Rovers kicked off their 1997/98 campaign exactly 25 years ago today, which was the last time before 2022/23 that the club started with two wins. Here’s a review of Roy Hodgson's only full season in charge of Rovers on his 75th birthday…
With vivid memories of 1994/95, it might seem strange that I would choose 1997/98 as my favourite season as a Rovers supporter, but it goes to show that it’s not just winning trophies which is a prerequisite to enjoy following your team.
I suppose at the age of 13 and after two mixed to mediocre seasons, I was just that bit older and able to really appreciate what it meant to be on top of the whole English football league pyramid – where Rovers found themselves again after a blistering start.
Indeed, the failure to secure Sven-Göran Eriksson’s services was soon forgotten as Rovers raced out of the blocks in August 1997 under Roy Hodgson and his novel “European training methods”. He’d scoured his continental contacts too and signed promising talent like young Swiss international Stéphane Henchoz and tough-tackling ex-Monaco full-back Patrick Valéry, not to mention 29-year-old Martin Dahlin – a prolific goalscorer on the international scene for Sweden.
Despite then losing Henning Berg and Graeme Le Saux for £5m each, Kevin Gallacher’s opening day header sealed a 1–0 win against Derby County on Saturday 9th August 1997 – Hodgson’s 50th birthday. Then Rovers travelled down to Villa in midweek and thumped them 4–0 to go top of the league. Back at Ewood, Dahlin came off the bench to open his Rovers account with a late equaliser after 17-year-old Michael Owen had raced half the length of the pitch to give Liverpool the lead.

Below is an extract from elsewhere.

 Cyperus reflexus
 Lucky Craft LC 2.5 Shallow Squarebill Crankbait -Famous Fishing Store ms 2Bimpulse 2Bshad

Then probably my favourite match EVER came on an August Monday night as Rovers thrashed Sheffield Wednesday 7–2. With Chumbawamba’s Tubthumping playing on the speakers before the match and in front of the Sky TV cameras, Rovers incredibly raced into a 5–1 lead after just 24 minutes. Benito Carbone scored a spectacular 30-yarder just after half-time and at that point I can even recall having worries of an Owls comeback. But Lars Bohinen and Sutton wrapped up the seven, while Carbone was sent off for headbutting Gallacher. If that hadn’t already been enough drama, disaster struck when new keeper John Filan broke his arm after a promising start to his Rovers career – conveniently allowing Tim Flowers to come on as sub and reclaim his Number One place after himself starting the season injured.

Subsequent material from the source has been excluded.